Reply by Philipp Klaus Krause March 5, 20182018-03-05
Am 20.02.2018 um 17:30 schrieb Philipp Klaus Krause:
> > I probably won't find time for testing until later this week, but for > now I suspect it is the flash: The flash in the STM32F051 (Cortex-M0) at > 48 Mhz needs 1 wait state, while the flash in the STM32F302 (Cortex-M4) > at 64 Mhz needs 2 wait states. Both devices have a prefetch buffer that > is supposed to somewhat reduce the effect of the wait states on program > execution. > > Philipp >
Flash wait cycles indeed make a big difference with the STM32s: At stdcbench 0.4, the STM32F103 (Cortex-M3) at 36 Mhz with prefetch buffer enabled gets 22% higher scores with 1 wait state vs. 2 wait states. Philipp
Reply by David Brown February 21, 20182018-02-21
On 21/02/18 08:37, raimond.dragomir@gmail.com wrote:
> marți, 20 februarie 2018, 21:58:12 UTC+2, Philipp Klaus Krause a scris: >> Am 20.02.2018 um 15:27 schrieb Philipp Klaus Krause: >>> Am 20.02.2018 um 14:38 schrieb Philipp Klaus Krause: >>>> >>>> 'Don't have one yet, but intend to do a Cortex-M3 and maybe a Z80 test >>>> later this week. At some point, I should also put a list of results on >>>> http://stdcbench.org/ >>>> >>>> Philipp >>>> >>> >>> Here is a Cortex-M4 (the STM32F302R8 at 64 Mhz - it could do 72 Mhz, but >>> not with the internal oscillator, and my board doesn't have a crystal), >>> using GCC -O2 -mcpu=cortex-m4 -mthumb with newlib-nano: >>> >>> stdcbench 0.3 >>> stdcbench c90base score: 1693 >>> stdcbench c90lib score: 864 >>> stdcbench final score: 2557 >>> >>> Looks only 15% faster per clock cycle than the Cortex-M0. >>> >>> Philipp >>> >> >> >> And from the opposite end of the performance spectrum, a Cycpress EZ-USB >> FX2LP at 48 Mhz, compiled using SDCC 3.7.0 RC2, sdcc -mmcs51 >> --model-large --stack-auto --code-loc 0x0000 --code-size 0x3500 >> --xram-loc 0x3500 --xram-size 0x0b00 --opt-code-speed >> --max-allocs-per-node 10000: >> >> stdcbench 0.3 >> stdcbench c90base score: 12 >> stdcbench final score: 12 >> >> Philipp > > Is it 12clk/instruction or something? In this case 48MHz is misleading. > Same for PICs which are 4clks/instr. Microchip usually give another > number, the Mips, for example 64MHz/16Mips. > > So the Cypress chips is 48MHz/4Mips maybe? > > When I worked with 12clks/instr 8051 I always talked about it as 1Mips cpu. >
It is common for modern 8051 implementations to have 4 oscillator clocks per instruction clocks. The original 8051 had 12 oscillator clocks per instruction clock. Most single byte register-to-register operations take 1 instruction clock. Memory access adds to that, as do multi-byte instructions, jumps, calls, etc.
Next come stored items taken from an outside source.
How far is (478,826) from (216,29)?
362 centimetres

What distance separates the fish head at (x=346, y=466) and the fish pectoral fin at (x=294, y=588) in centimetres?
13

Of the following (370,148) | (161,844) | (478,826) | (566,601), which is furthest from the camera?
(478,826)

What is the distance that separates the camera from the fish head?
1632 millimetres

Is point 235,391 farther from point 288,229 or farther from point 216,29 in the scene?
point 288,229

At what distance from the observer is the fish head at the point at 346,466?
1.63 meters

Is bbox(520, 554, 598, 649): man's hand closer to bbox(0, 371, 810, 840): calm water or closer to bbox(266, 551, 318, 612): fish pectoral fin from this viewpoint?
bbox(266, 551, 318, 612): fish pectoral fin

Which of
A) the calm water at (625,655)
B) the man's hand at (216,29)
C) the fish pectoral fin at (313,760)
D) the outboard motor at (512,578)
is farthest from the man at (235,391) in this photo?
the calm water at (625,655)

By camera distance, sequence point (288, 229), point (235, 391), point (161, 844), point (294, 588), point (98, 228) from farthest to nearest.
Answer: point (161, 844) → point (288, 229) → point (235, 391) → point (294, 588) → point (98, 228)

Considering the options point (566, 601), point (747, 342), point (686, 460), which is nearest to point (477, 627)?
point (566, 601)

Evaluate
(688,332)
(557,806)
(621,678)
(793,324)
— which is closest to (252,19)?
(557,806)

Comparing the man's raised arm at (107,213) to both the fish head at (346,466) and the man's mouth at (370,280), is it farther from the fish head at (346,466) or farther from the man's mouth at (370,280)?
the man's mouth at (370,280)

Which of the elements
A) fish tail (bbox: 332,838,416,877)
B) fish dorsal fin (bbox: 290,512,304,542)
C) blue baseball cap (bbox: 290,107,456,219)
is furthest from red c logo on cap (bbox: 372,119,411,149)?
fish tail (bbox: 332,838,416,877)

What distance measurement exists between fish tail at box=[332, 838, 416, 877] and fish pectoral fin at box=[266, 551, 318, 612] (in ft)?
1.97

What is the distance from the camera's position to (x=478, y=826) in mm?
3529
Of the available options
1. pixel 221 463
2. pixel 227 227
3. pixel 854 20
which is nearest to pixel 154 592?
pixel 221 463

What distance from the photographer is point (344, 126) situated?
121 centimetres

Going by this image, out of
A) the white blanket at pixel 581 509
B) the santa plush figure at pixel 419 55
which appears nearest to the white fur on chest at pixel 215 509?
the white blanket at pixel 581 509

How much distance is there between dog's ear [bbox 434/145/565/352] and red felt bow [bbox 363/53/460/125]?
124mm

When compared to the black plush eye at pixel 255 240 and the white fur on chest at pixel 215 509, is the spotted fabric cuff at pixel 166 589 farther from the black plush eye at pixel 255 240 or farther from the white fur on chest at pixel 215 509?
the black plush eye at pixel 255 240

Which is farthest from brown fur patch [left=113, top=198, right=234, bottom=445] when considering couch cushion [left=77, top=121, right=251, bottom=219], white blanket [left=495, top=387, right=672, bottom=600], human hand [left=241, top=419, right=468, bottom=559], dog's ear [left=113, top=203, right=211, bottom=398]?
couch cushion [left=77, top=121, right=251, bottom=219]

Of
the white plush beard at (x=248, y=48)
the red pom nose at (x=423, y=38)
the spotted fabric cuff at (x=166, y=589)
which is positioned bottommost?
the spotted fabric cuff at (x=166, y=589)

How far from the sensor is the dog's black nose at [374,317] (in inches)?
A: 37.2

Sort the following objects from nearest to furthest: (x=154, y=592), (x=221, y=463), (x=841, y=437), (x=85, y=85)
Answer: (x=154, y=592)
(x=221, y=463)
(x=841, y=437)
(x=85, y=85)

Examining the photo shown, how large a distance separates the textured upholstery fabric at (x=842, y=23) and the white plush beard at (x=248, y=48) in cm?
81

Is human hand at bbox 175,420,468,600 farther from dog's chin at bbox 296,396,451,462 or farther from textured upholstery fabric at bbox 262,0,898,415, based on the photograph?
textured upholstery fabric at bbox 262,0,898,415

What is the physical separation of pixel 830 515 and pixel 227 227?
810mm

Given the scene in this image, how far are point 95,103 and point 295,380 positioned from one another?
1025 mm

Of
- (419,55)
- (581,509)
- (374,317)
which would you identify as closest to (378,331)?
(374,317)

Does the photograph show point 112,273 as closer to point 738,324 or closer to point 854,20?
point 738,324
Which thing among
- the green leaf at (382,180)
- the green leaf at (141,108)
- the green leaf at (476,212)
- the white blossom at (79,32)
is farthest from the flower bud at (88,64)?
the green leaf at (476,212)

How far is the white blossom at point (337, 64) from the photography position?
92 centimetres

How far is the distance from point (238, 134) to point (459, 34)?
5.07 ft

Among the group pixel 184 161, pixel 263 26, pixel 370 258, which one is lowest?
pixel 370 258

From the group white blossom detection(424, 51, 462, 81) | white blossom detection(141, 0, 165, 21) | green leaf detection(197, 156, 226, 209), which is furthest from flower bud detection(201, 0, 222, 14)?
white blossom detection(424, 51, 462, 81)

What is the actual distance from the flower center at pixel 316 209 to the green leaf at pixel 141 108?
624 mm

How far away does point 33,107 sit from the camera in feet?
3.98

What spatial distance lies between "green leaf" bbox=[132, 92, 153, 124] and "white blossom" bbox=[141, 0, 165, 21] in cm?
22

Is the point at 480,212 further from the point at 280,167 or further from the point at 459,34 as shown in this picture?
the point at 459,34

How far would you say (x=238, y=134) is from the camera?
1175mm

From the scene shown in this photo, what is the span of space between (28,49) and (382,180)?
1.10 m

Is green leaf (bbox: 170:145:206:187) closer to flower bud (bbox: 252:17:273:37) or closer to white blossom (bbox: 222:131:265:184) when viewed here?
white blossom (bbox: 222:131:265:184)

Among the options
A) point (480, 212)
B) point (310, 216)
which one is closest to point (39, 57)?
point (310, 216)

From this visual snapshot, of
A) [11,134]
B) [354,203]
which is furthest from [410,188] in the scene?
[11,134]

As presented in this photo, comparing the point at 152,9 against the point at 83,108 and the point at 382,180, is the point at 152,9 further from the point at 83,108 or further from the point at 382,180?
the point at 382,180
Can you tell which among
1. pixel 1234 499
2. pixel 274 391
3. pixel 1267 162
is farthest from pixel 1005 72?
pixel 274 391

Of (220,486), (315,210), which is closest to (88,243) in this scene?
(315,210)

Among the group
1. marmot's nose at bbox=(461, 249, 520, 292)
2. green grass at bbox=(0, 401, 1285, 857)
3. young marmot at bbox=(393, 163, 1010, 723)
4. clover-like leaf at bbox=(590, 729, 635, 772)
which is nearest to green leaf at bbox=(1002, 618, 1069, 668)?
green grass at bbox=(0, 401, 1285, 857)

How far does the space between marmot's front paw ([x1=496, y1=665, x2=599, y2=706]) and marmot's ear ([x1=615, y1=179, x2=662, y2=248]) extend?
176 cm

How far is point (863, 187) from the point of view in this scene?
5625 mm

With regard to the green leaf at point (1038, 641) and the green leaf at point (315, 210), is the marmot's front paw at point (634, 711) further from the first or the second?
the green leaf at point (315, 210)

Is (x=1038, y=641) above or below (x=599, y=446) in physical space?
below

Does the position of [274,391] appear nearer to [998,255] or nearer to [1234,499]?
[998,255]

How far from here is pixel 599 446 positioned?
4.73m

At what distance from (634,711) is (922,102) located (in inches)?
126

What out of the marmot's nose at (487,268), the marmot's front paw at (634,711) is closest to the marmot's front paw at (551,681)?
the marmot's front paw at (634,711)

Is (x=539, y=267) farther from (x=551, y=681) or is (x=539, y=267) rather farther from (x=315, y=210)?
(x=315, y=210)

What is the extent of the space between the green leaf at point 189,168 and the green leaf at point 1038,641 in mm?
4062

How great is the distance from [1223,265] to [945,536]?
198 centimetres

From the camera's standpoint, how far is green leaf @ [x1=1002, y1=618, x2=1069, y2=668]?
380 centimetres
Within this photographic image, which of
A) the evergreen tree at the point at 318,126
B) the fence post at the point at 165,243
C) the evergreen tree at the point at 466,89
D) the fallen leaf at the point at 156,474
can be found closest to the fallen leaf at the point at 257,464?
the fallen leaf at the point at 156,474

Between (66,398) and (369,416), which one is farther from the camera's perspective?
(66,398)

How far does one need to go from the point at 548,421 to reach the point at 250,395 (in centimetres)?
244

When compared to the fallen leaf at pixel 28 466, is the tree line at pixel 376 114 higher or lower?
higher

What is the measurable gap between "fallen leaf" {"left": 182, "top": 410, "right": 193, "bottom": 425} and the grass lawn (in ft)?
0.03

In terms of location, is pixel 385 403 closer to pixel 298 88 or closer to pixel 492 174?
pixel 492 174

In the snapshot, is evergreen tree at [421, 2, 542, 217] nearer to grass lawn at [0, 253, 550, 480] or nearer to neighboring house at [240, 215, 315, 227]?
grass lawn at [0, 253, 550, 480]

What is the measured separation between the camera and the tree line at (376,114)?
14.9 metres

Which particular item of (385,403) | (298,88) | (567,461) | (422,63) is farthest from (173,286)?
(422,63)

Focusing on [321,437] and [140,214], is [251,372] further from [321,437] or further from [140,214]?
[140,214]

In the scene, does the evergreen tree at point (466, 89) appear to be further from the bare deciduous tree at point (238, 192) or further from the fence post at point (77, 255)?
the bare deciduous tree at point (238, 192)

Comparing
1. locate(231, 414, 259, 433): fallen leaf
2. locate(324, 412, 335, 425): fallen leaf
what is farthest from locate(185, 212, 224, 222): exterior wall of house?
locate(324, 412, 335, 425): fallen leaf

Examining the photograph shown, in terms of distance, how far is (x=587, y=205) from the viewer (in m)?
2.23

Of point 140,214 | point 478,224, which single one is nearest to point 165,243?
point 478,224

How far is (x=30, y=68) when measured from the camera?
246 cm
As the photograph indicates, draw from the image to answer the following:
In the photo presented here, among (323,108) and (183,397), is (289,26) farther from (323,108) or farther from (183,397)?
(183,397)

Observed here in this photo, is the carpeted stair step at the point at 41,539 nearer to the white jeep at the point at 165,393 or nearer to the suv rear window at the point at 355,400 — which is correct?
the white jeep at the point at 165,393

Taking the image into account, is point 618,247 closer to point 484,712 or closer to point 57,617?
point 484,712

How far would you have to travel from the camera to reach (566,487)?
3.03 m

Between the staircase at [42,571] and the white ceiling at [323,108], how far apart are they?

Reply by Philipp Klaus Krause February 21, 20182018-02-21
Am 21.02.2018 um 08:37 schrieb raimond.dragomir@gmail.com:
>> And from the opposite end of the performance spectrum, a Cycpress EZ-USB >> FX2LP at 48 Mhz, compiled using SDCC 3.7.0 RC2, sdcc -mmcs51 >> --model-large --stack-auto --code-loc 0x0000 --code-size 0x3500 >> --xram-loc 0x3500 --xram-size 0x0b00 --opt-code-speed >> --max-allocs-per-node 10000: >> >> stdcbench 0.3 >> stdcbench c90base score: 12 >> stdcbench final score: 12 >> >> Philipp > > Is it 12clk/instruction or something? In this case 48MHz is misleading. > Same for PICs which are 4clks/instr. Microchip usually give another > number, the Mips, for example 64MHz/16Mips. > > So the Cypress chips is 48MHz/4Mips maybe? > > When I worked with 12clks/instr 8051 I always talked about it as 1Mips cpu. >
The Cypress EZ-USB can execute most 1-byte instructions in 4 clock cycles. Most 2-byte instructions take 8 clock cycles. Branch instructions tend to take 16 clock cycles. A few instrcutions take even longer. I gave the 48 Mhz figure mostly for reproduction of results (though the port can be found in the examples for stdcbench now anyway). Philipp
Reply by February 21, 20182018-02-21
marți, 20 februarie 2018, 21:37:33 UTC+2, Tauno Voipio a scris:
> On 20.2.18 15:00, Philipp Klaus Krause wrote: > > Am 09.02.2018 um 22:28 schrieb Paul Rubin: > >> Philipp Klaus Krause <pkk@spth.de> writes: > >>> Output for a 98 Mhz C8051F120 (compiled via sdcc -mmcs51 --model-large > >> > >> Was that really supposed to say 98 mhz? > >> > >> Can you say the code size for the different compiler outputs? > >> > >> Could you do the AVR8 the and MSP430 with gcc, if you happen to have > >> those available? Would the ARM Cortex M0 be getting outside the > >> intended range of this benchmark? > >> > >> Thanks! > >> > > > > Here's a first reuslt from an ARM Cortex-M0 (the STM32F051R8 at 48 Mhz) > > compiled using GCC 6.3.1 with -O2 and using newlib-nano: > > > > stdcbench 0.3 > > stdcbench c90base score: 1141 > > stdcbench c90lib score: 651 > > stdcbench final score: 1792 > > > > Per clock cycle, this Cortex-M0 with GCC gets about twice the score > > compared to an STM8 with IAR. > > Interesting is the large difference between the c90base and the c90lib > > score. I guess newlib-nanao is optimized for code size at the expense of > > speed (even though it is surprising to see that much of a difference vs. > > the situation for the STM8). > > > > Philipp > > > > GCC -Os does wonders compared to the standard compiled newlib. > > -- > > -TV
Speaking of that, we always take the newlib/nelib-nano/whatever-lib for granted. An interesting possibility would be to compile the same lib bench without lib calls (of course, another version of the program doing the exact same thing but with no lib calls) Just to see how we stand. It would be quite a good indicator of the performance of the lib.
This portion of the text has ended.